The Danish pig industry is of particular interest due to its considerable spatial/territorial footprint, its outside contribution to Danish GHG emissions, and its negative impact on biodiversity. As a result, an enhanced understanding of this sector’s conditions, and its potential for transformation, is critical if

Denmark is to meet its planned climate and environmental goals for 2030 and 2050.

The research responds to an awareness that prevailing responses to complex climatic and biodiversity crises are hindered by a number of factors: the fragmentation of, and non-communication between, sectoral and disciplinary forms of knowledge; the dominance of abstract quantitative approaches to this endeavor, resulting in a limited palette of data visualization formats to communicate the crises; and the limited representation of actor networks, spatial and material registers to interpret existing conditions and evaluate implications of future decisions.

The project explores a connected ecosystem of different forms of data visualization that communicate the complex conditions, dynamics and controversies of spatial/territorial production, across sectoral and disciplinary knowledge, to a non-expert audience (from planners, bureaucrats, politicians and interested publics) in narrative form. 
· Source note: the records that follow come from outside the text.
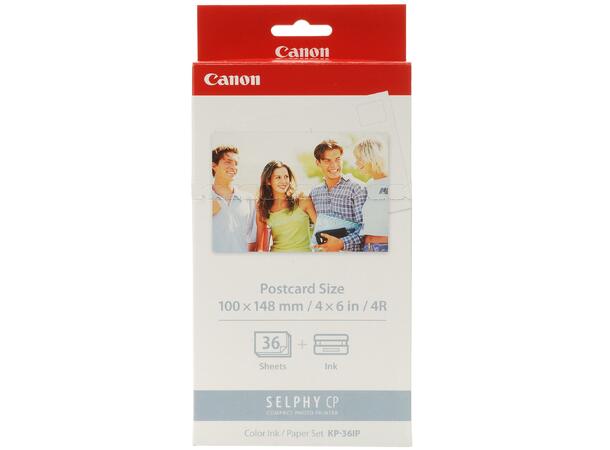 Canon KP-36IP Postcard Size for Selphy 36stk 100x148mm + Skrivebåndskassett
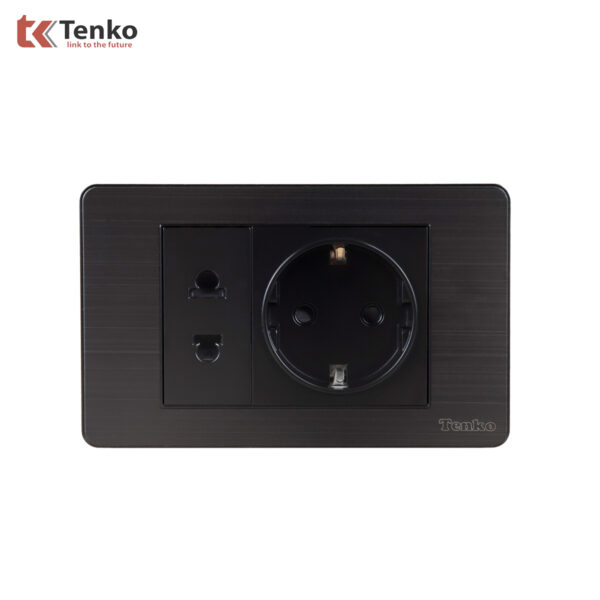 Ổ Cắm Điện 2 Chấu Chuẩn Đức Âm tường Thương Hiệu Nhật Bản Mặt Hợp Kim TENKO TK-C7G-059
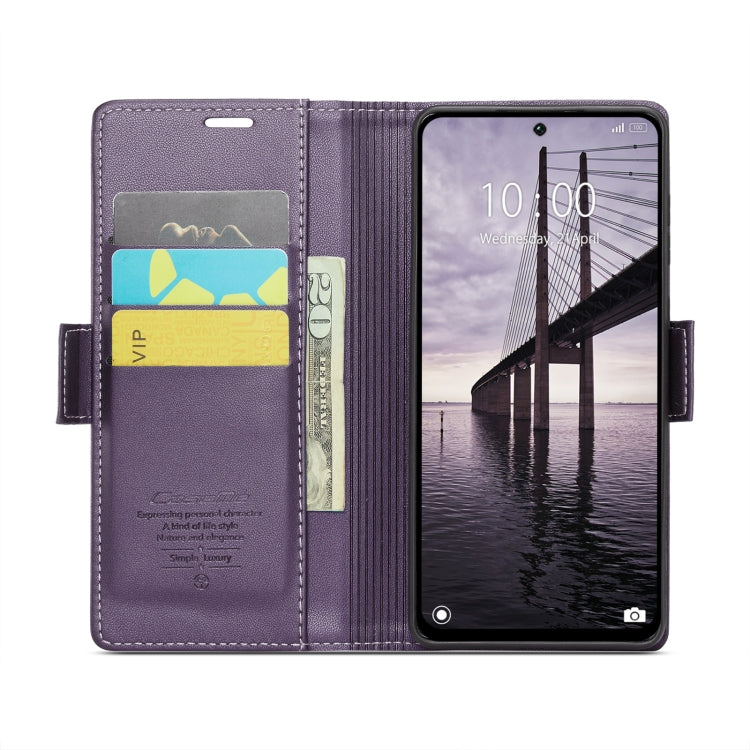 For Redmi 13 CaseMe 023 Butterfly Buckle Litchi Texture RFID Anti-theft Leather Phone Case(Pearly Purple) - Redmi 13 Cases by CaseMe | Online Shopping South Africa | PMC Jewellery | Buy Now Pay Later Mobicred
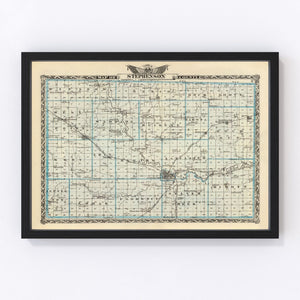 Vintage Map of Stephenson County, Illinois 1876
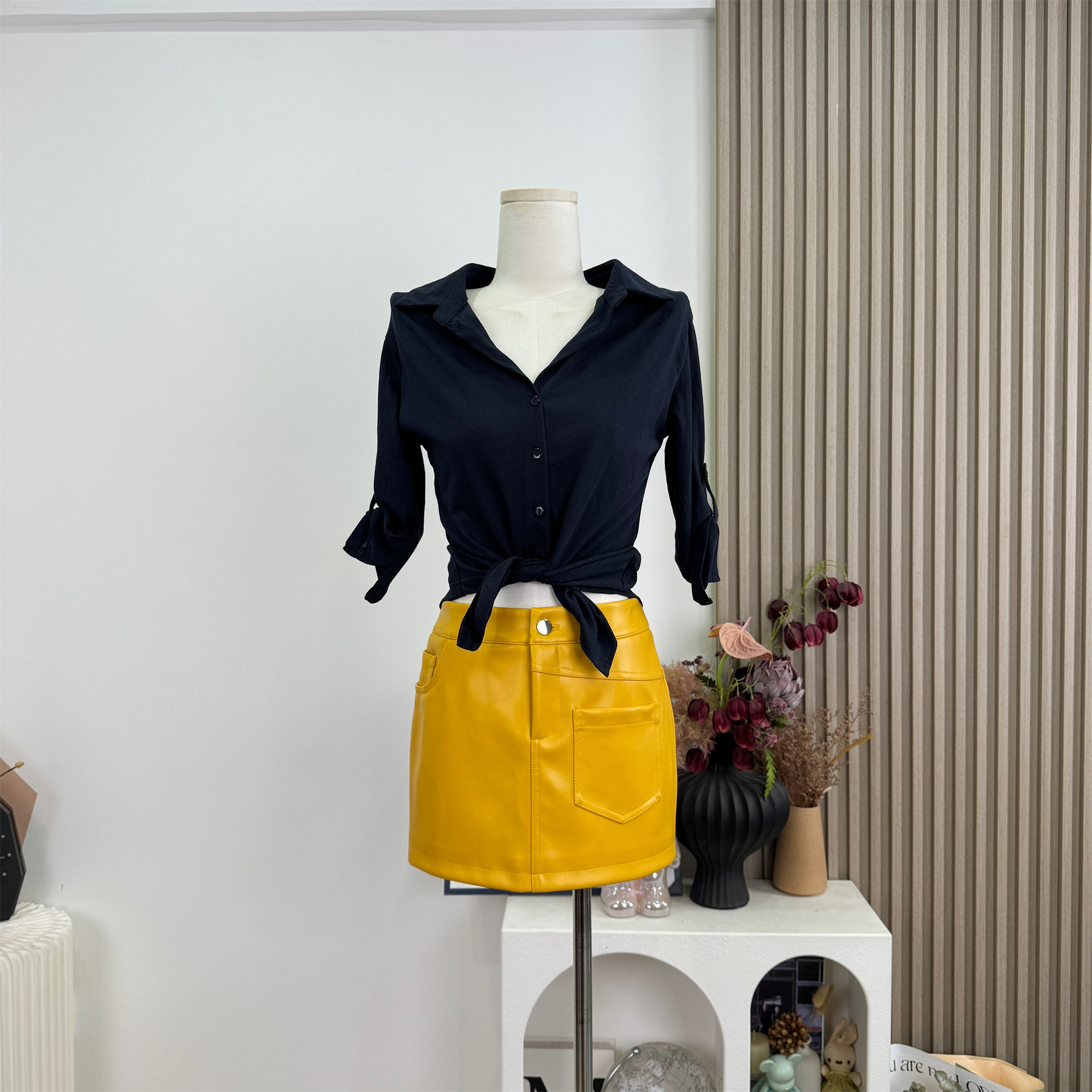Yellow Faux Leather High Waist Bodycon Mini Skirt for Women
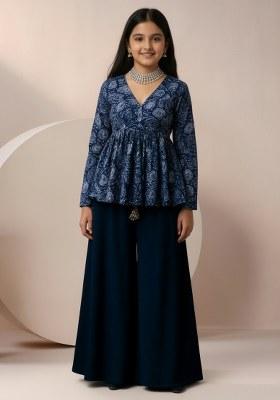 Girls Navy Blue Abstract Print Satin Fusion Set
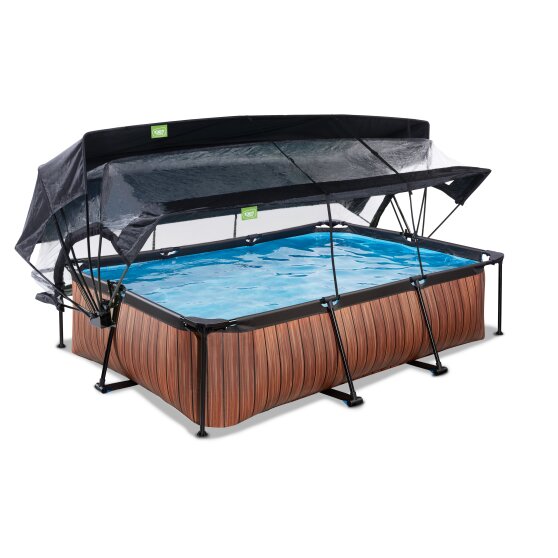 EXIT Wood Pool 300x200x65cm mit Filterpumpe und Abdeckung und Sonnensegel - braun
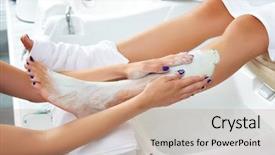 Presentation with nail salon beauty nails concept - Presentation design featuring saloon spa - pedicure aplying nourishing moisturizer mask background and a coral colored foreground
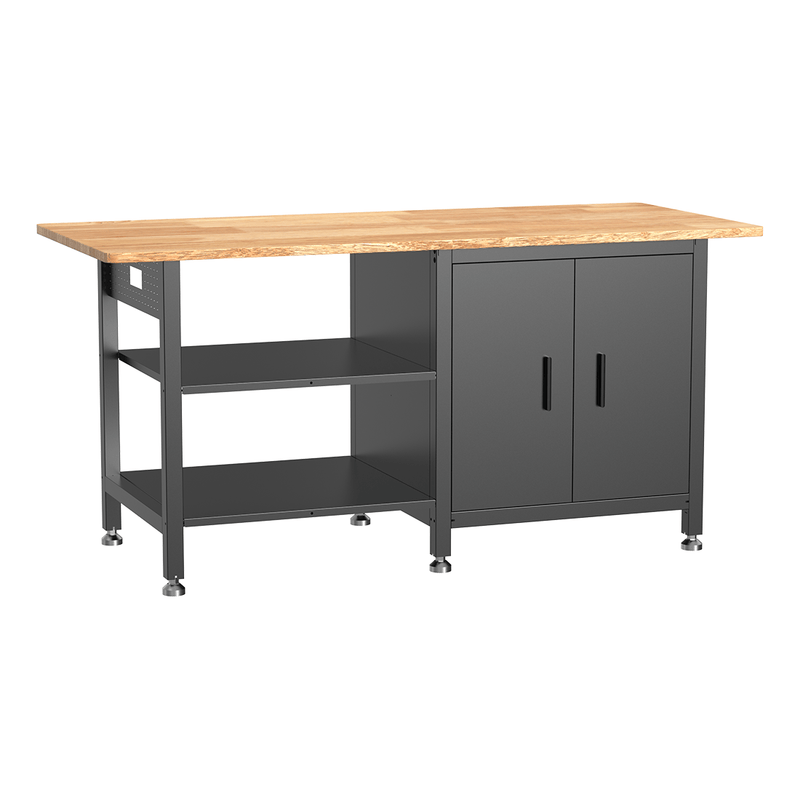 4Dock Heavy-Duty 72 x 30 Industrial Workbench with Cabinet (Black Frame)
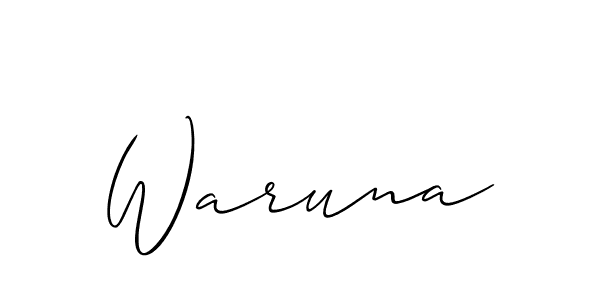 Make a beautiful signature design for name Waruna. With this signature (Allison_Script) style, you can create a handwritten signature for free. Waruna signature style 2 images and pictures png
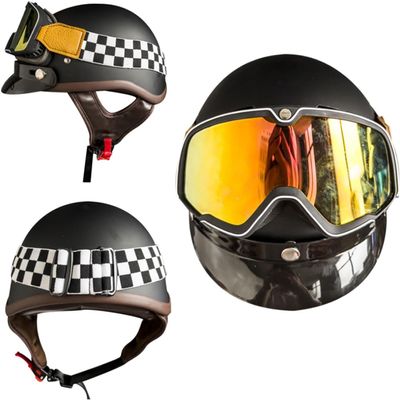 YMKJGZS Vintage Motorbike Jet Helmet DOT/ECE Approved Retro Open-Face Motorbike Helmets Cap for Men Women Motorcycle Half Helmet with Goggles, Cruiser Scooter Touring Moped ATV (D,2XL)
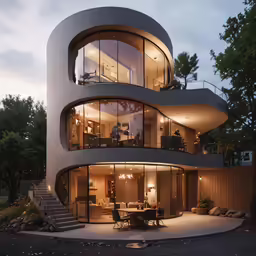 the circular structure is the focal point for this modern home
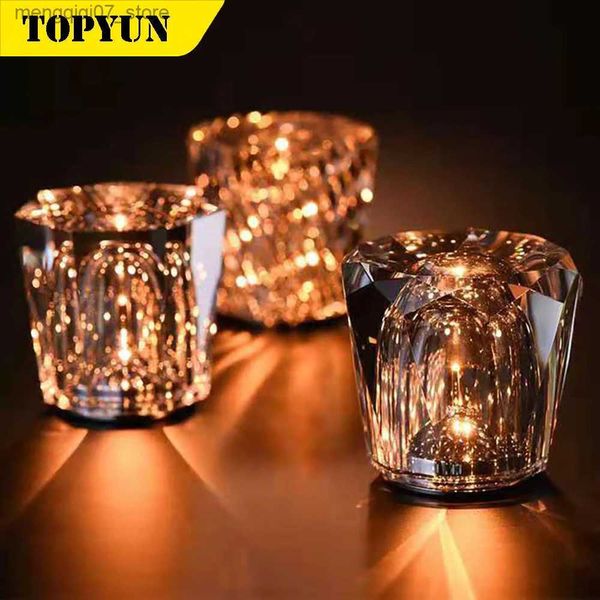 Lâmpadas Shades Nova lâmpada de cristal criativo diamante LED recarregável lâmpada de mesa bar lâmpada de mesa atmosfera quarto lâmpada de cabeceira atmosfera L240311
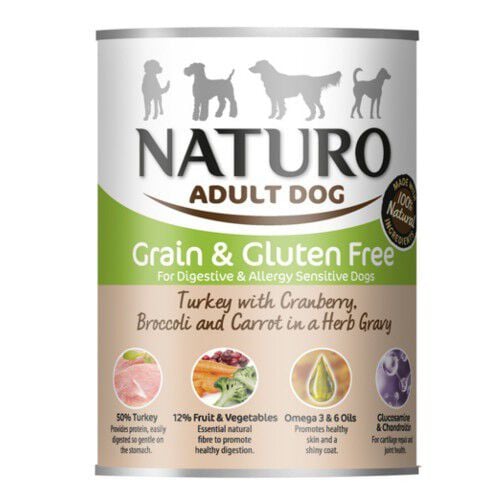 390 g Naturo Adult Grain Free Pavo con Verduras lata para perros, , large Imagen numero 1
This is investigated as a potential future platform of common understanding for developing future scenarios. The work is conducted through the bridging and linking between the logics and representational formats of actor-network diagram/controversy mapping and other mapping formats ranging from spatial/territorial maps, statistics, graphs, diagrams and infographics. In these terms, the works attempts to move beyond interpreting territories and spaces as static objects, but rather as an entangled networks of human and non-human actors.